[Image-caption web data]
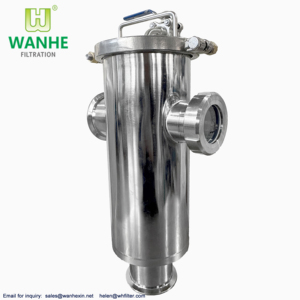 万和定制高品质WFC 200 μ m Sanitar Y不锈钢y型过滤器，用于储能温度控制系统
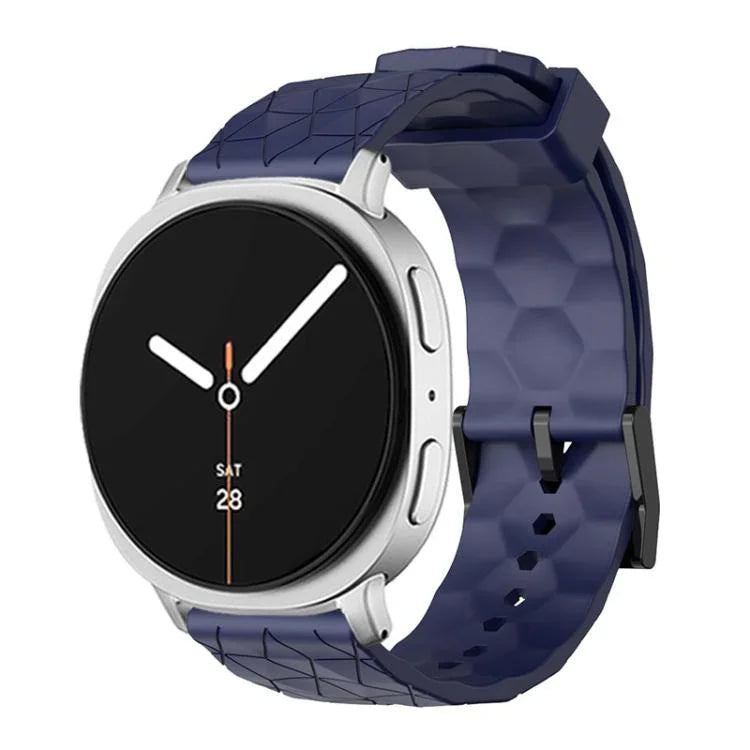 Bracelet de montre en silicone à texture de football de couleur unie, pour Samsung Galaxy Watch8 / Watch8 Classic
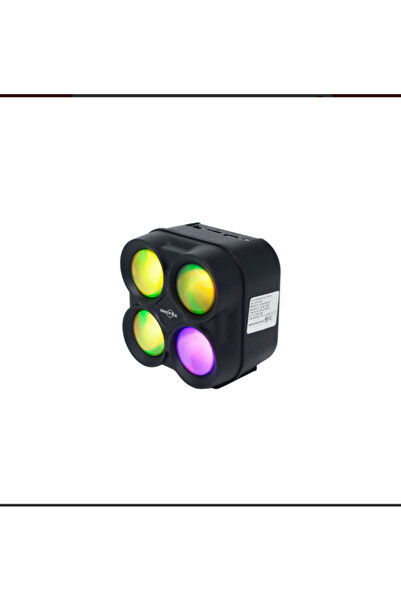 zerzembe Bluetooth Speaker Kablosuz Hoparlör Led Işıklı 5 Watt USB Girişli Şarjlı Hoparlör GTS-1835 Siyah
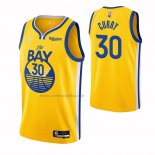 Camiseta Golden State Warriors Stephen Curry #30 Statement 2021 Oro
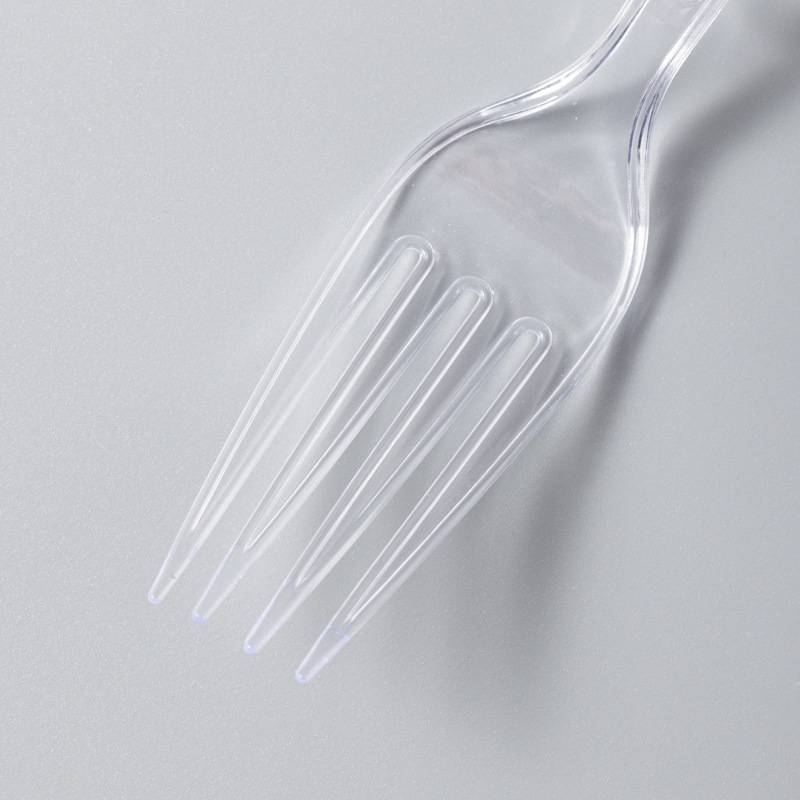 Monte Ps Transparent Heavy Leather Grain Knife, Fork And Paper Towel 3-Piece Set details Picture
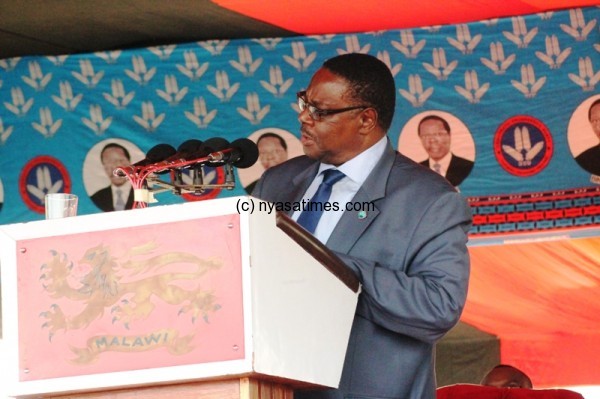 President Mutharika:  We are on our own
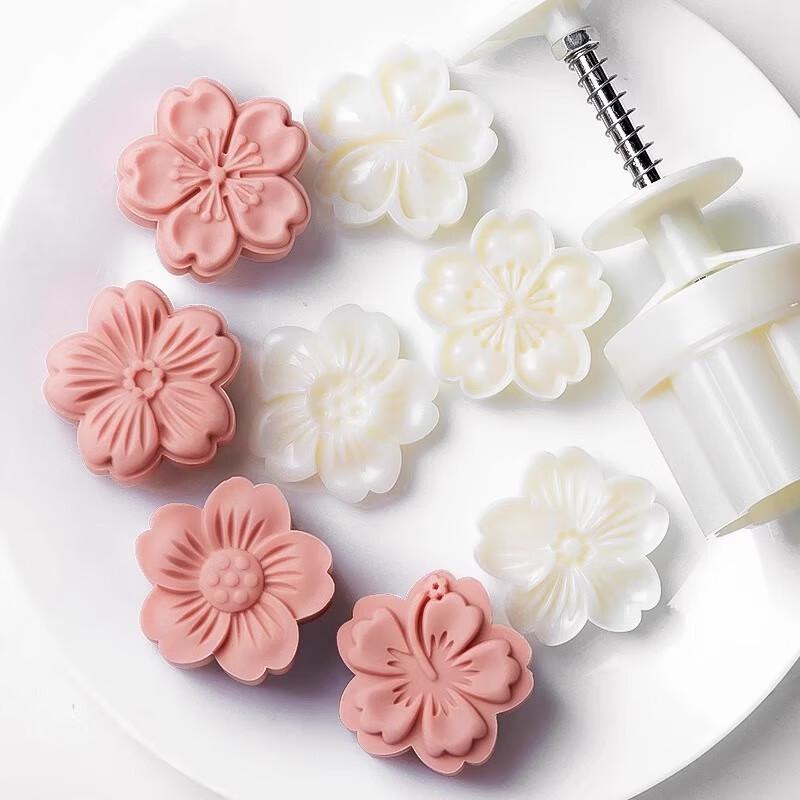 Zhaoran Hand Press Mooncake & Mung Bean Cake Mold Set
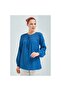 Women's Indigo Blue Sile Cloth Mother Combed Cotton Blouse - 5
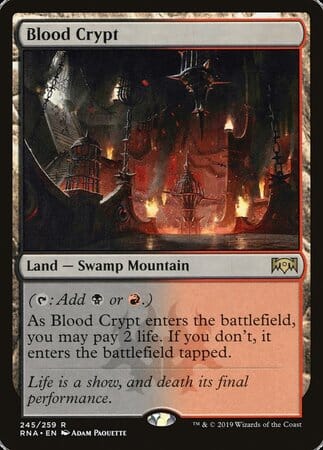 Blood Crypt [Ravnica Allegiance] MTG Single Magic: The Gathering  | Multizone: Comics And Games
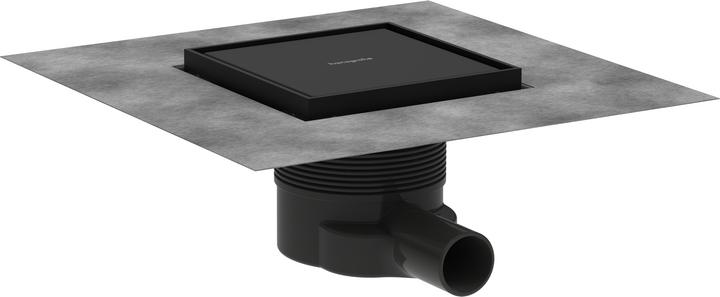 Image du produit hansgrohe HG Avaloir ponctuel RainDrain Brilliance set complet 150x150mm noir mat (150 mm)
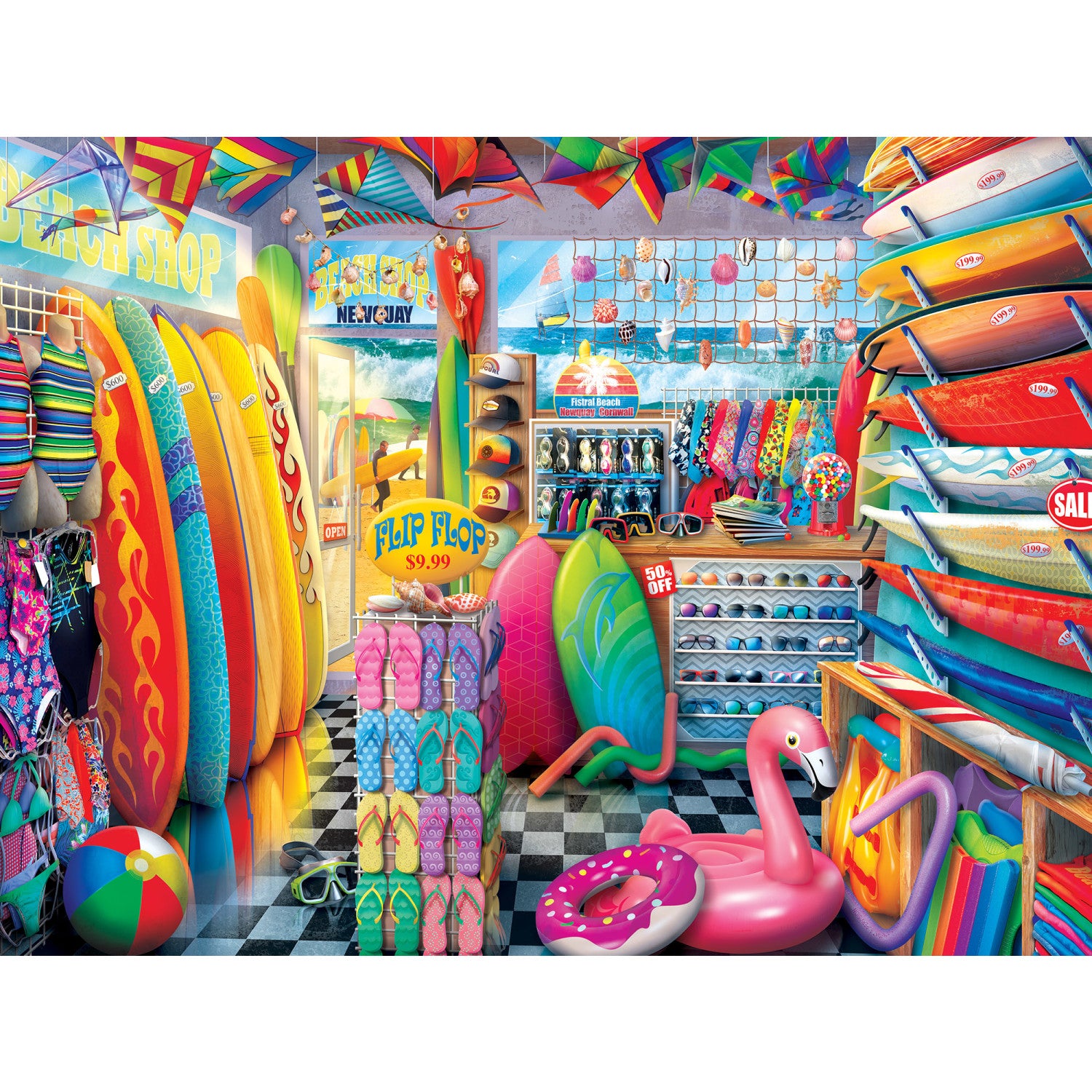 Shopkeepers - Beach Side Gear 750 Piece Puzzle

TASK INSTRUCTIONS: Would you transcribe the lines above exactly, going from the line bearing "Monte Ps Transparent" through the line bearing "Blood Crypt [Ravnica", and drop the pictures from the copy?

WRITTEN RESPONSE:
 Monte Ps Transparent Heavy Leather Grain Knife, Fork And Paper Towel 3-Piece Set details Picture
 President Mutharika:  We are on our own
 Zhaoran Hand Press Mooncake & Mung Bean Cake Mold Set
 Women's Indigo Blue Sile Cloth Mother Combed Cotton Blouse - 5
 Blood Crypt [Ravnica Allegiance] MTG Single Magic: The Gathering  | Multizone: Comics And Games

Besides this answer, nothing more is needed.